**MATERIAL TO PROCESS**
————————
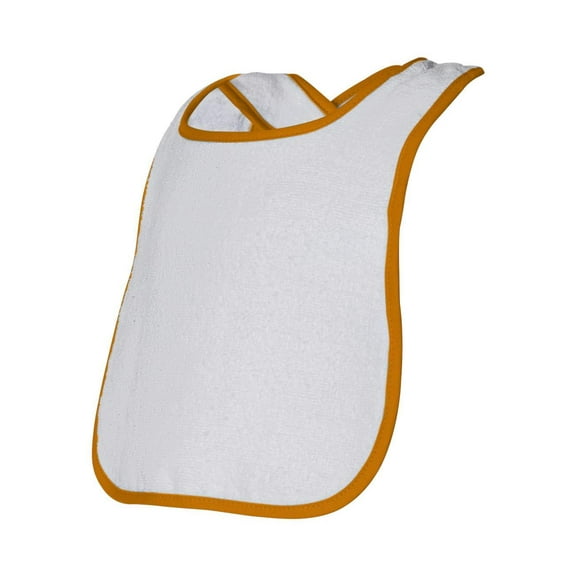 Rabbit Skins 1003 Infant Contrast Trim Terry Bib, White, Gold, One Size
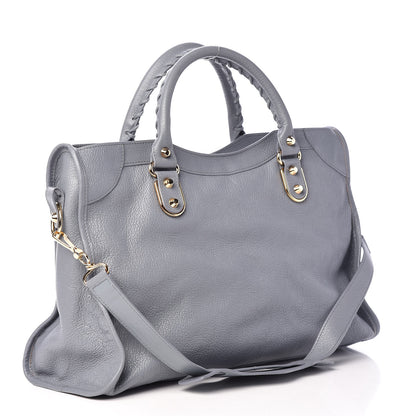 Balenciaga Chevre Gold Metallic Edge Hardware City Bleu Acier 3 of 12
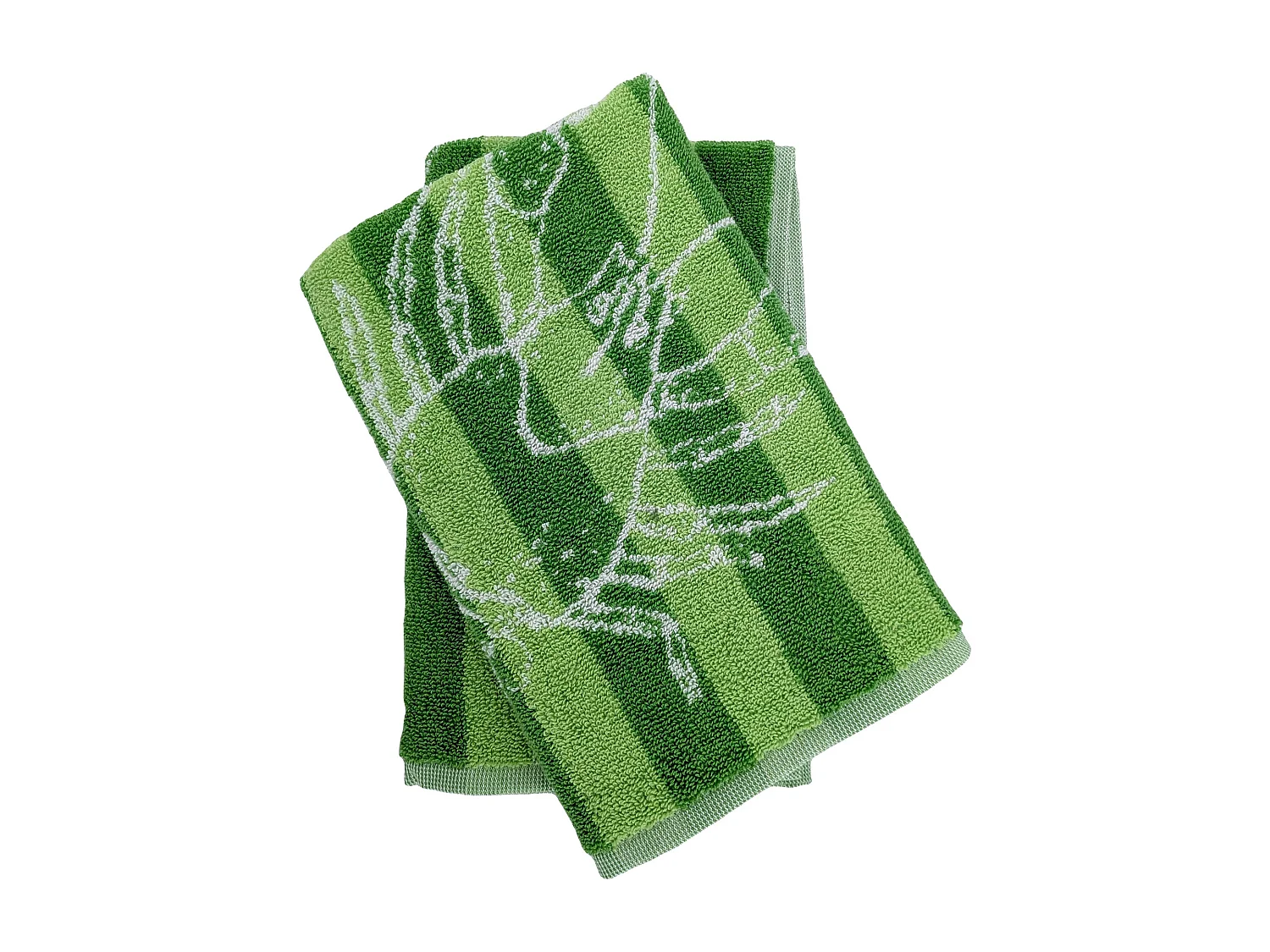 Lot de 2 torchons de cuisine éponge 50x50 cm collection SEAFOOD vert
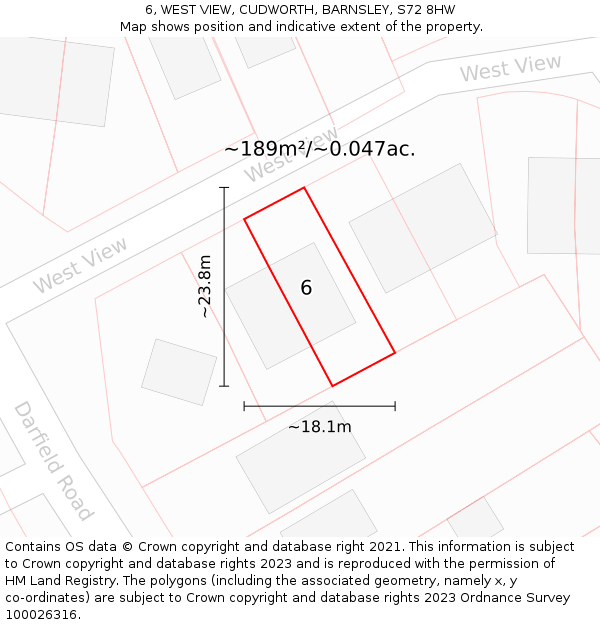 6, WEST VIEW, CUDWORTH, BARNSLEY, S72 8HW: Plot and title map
————————
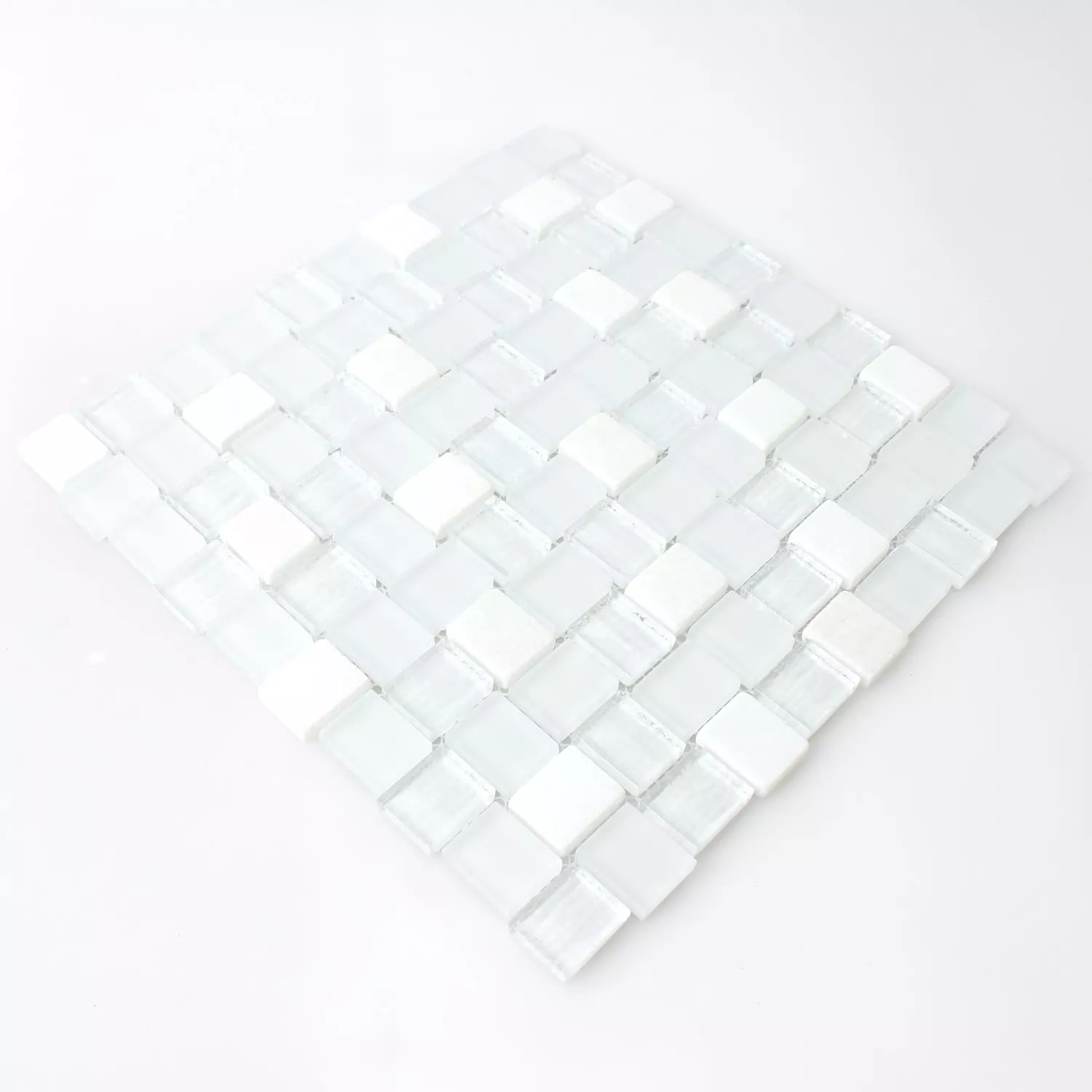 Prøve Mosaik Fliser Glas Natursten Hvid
————————
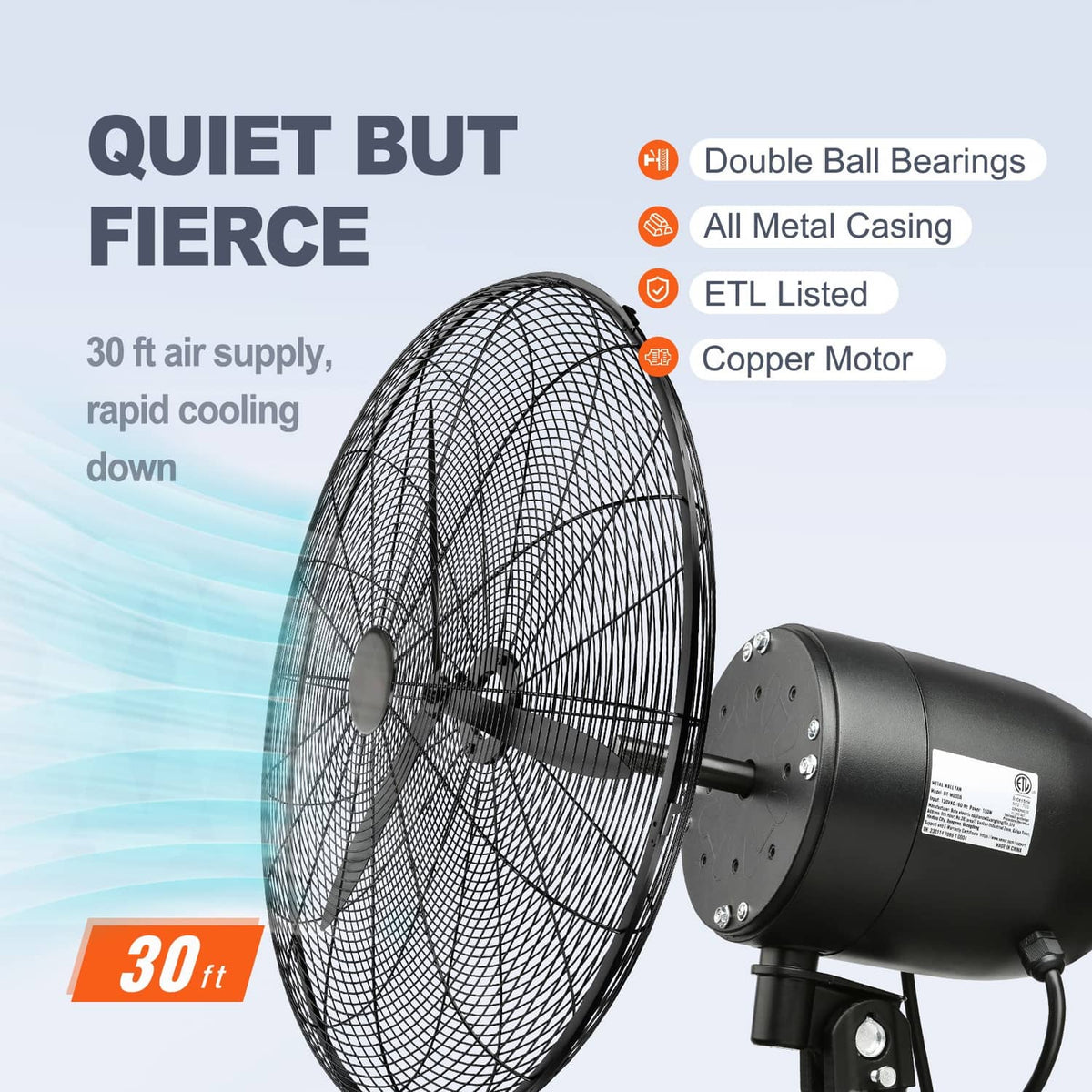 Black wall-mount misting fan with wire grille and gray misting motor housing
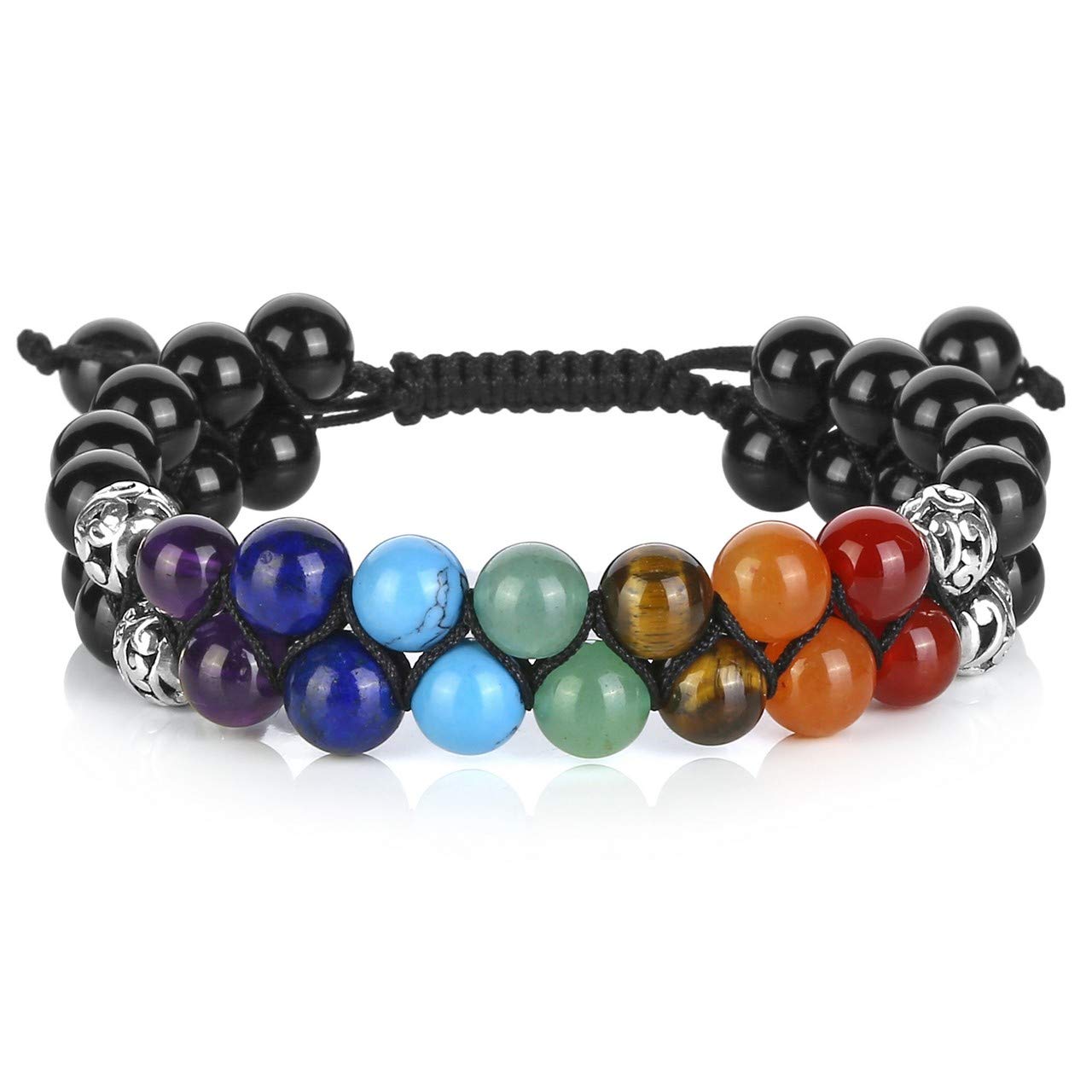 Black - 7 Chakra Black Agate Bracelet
————————
**ACTIVITY**
Return the material from the line containing "Rabbit Skins 1003" through the line containing "6, WEST VIEW, CUDWORTH, BARNSLEY, S72", exactly and in full, but without its pictures.

**WRITTEN ANSWER**
 Rabbit Skins 1003 Infant Contrast Trim Terry Bib, White, Gold, One Size
 Balenciaga Chevre Gold Metallic Edge Hardware City Bleu Acier 3 of 12
 Lot de 2 torchons de cuisine éponge 50x50 cm collection SEAFOOD vert
 6, WEST VIEW, CUDWORTH, BARNSLEY, S72 8HW: Plot and title map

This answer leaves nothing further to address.